== DATA SHOWN

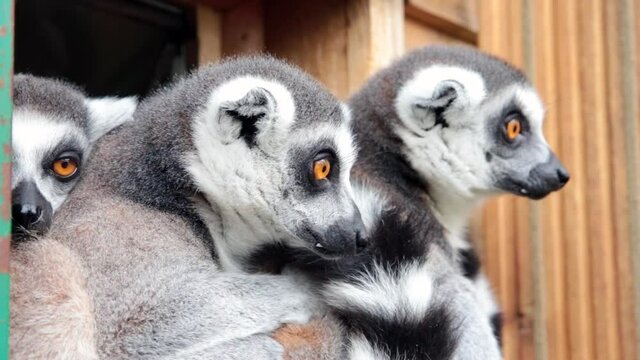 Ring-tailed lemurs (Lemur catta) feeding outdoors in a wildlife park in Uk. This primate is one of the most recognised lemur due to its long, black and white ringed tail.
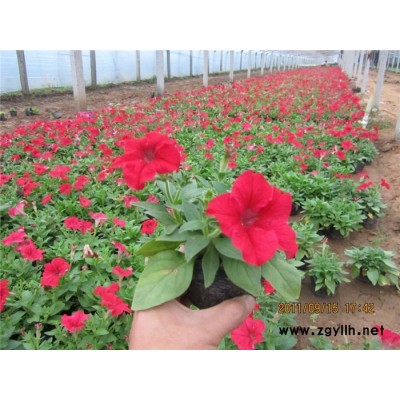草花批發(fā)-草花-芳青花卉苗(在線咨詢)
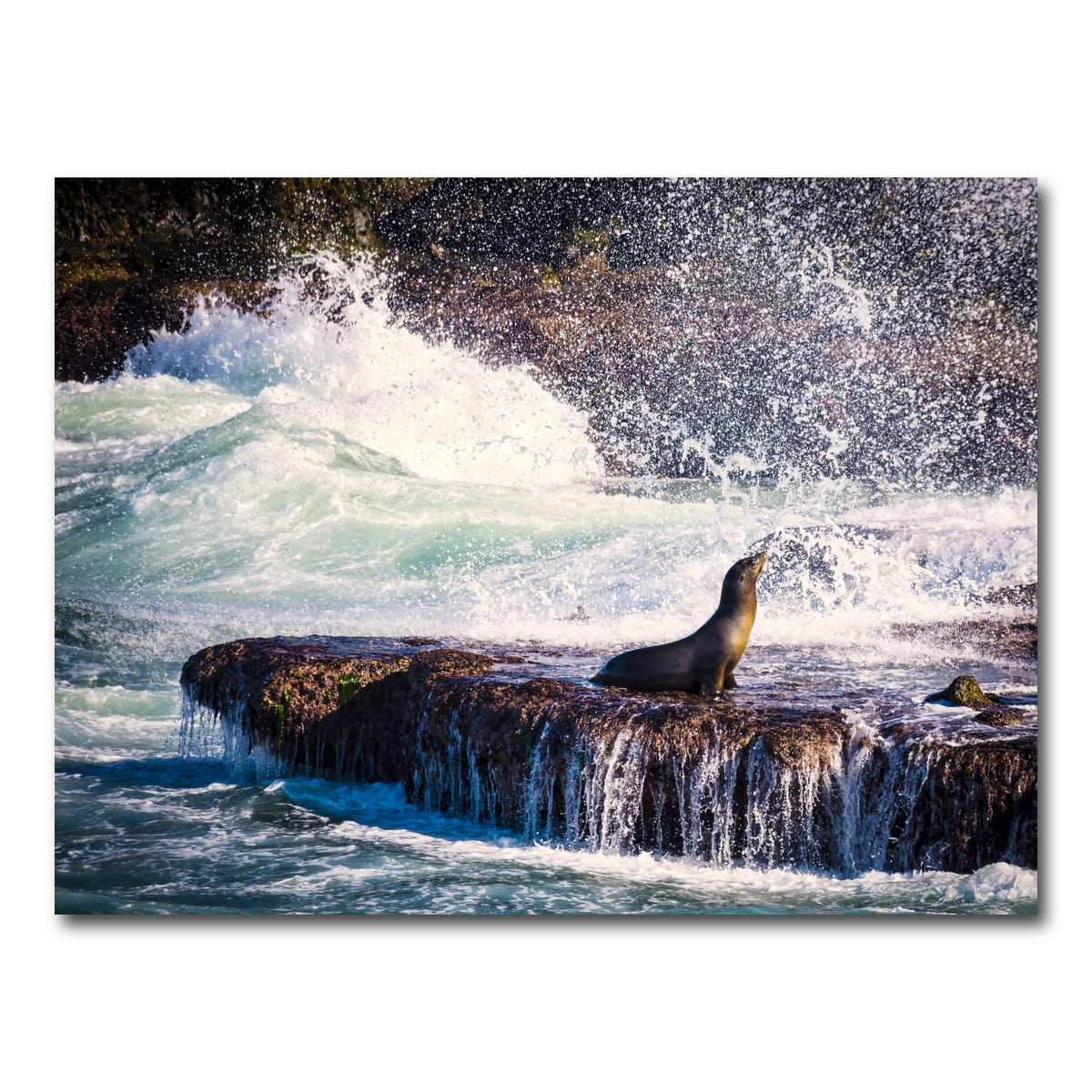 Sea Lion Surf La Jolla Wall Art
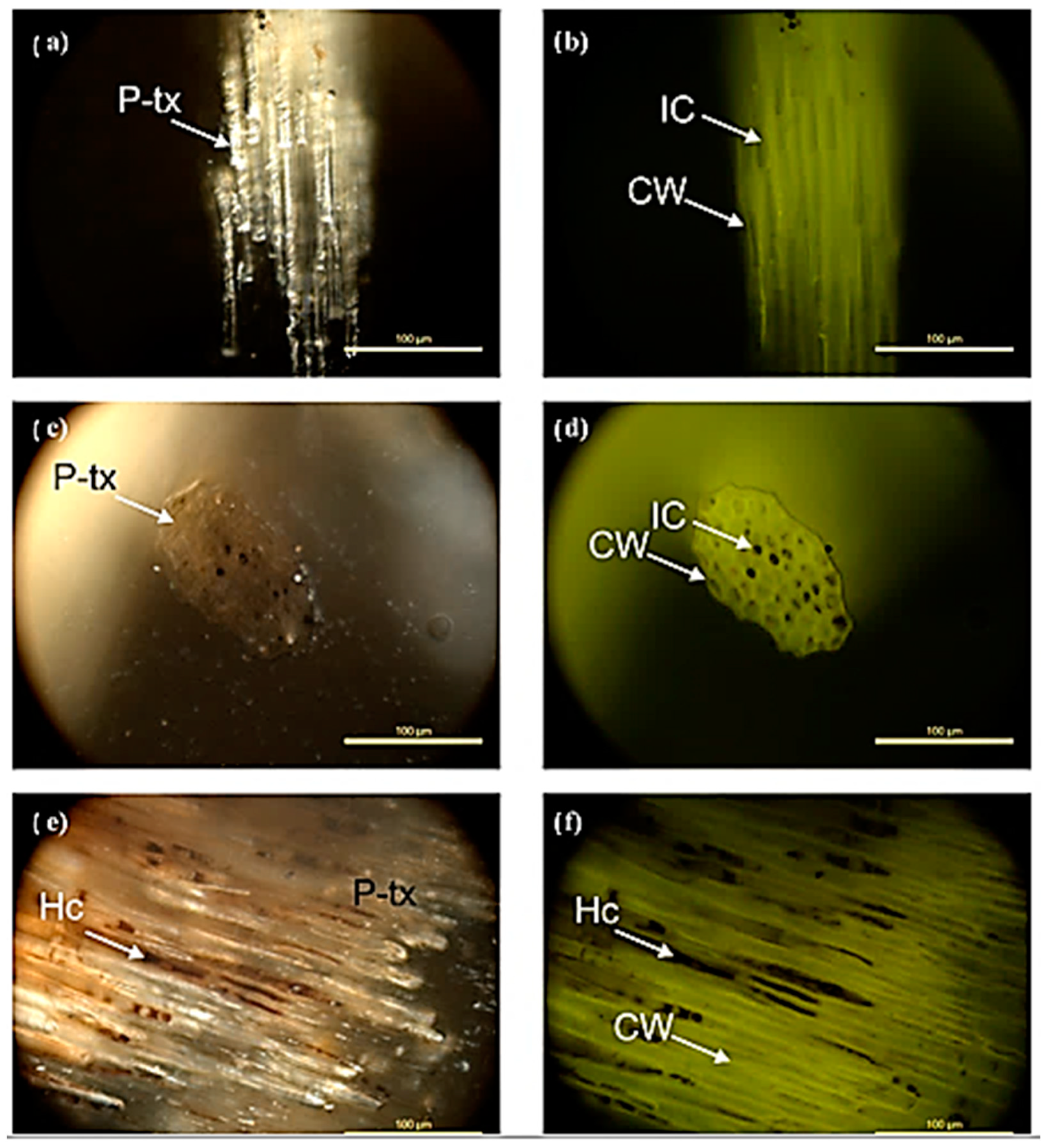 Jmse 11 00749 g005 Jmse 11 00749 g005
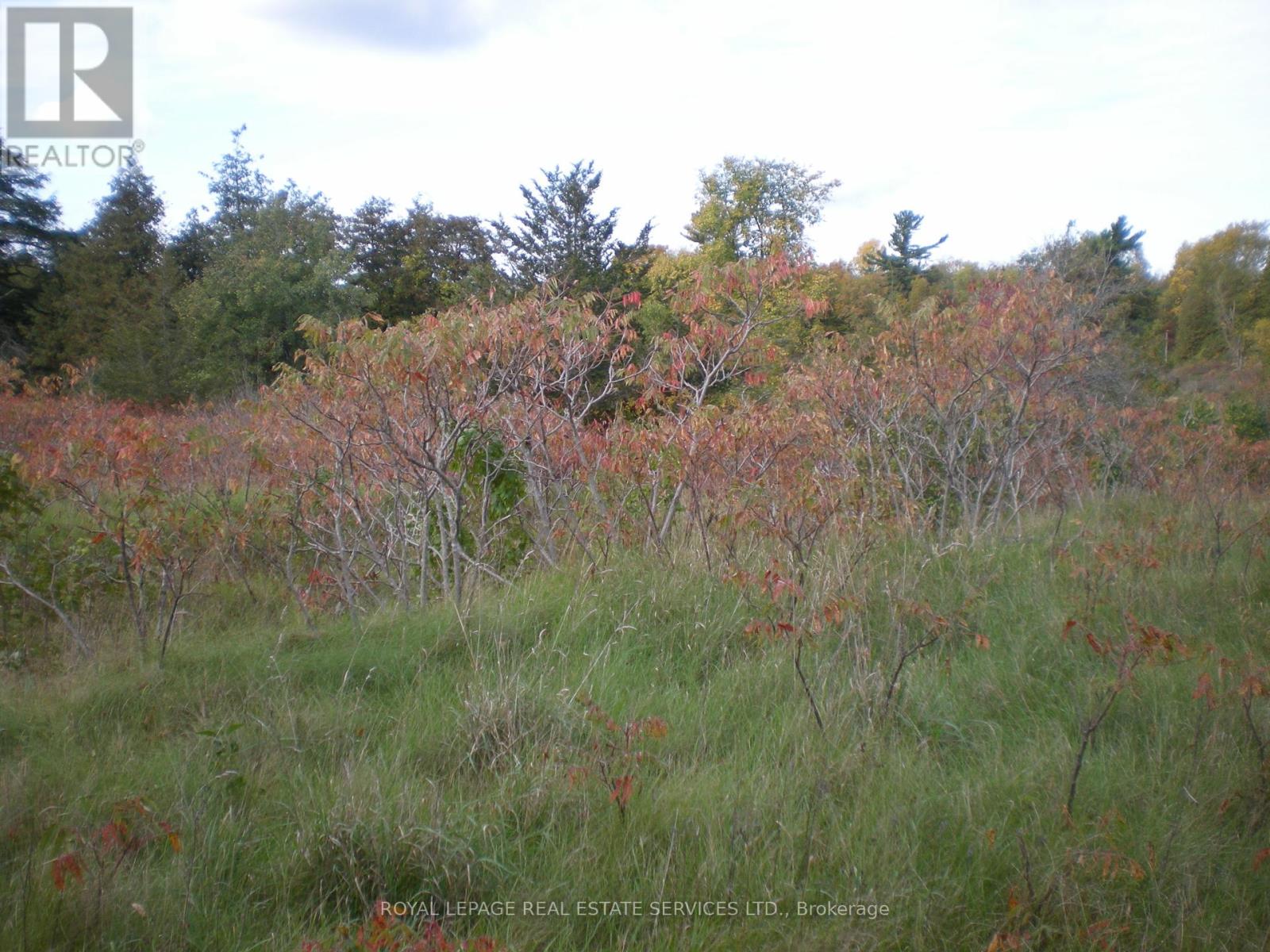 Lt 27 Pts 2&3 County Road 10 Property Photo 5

====

Pictures don't belong in the copy. Retype exactly the lines from the one with "Sea Lion Surf La Jolla Wall Art" through the last line of the records.

# TASK RESPONSE
 Sea Lion Surf La Jolla Wall Art
 Jmse 11 00749 g005 Jmse 11 00749 g005
 Lt 27 Pts 2&3 County Road 10 Property Photo 5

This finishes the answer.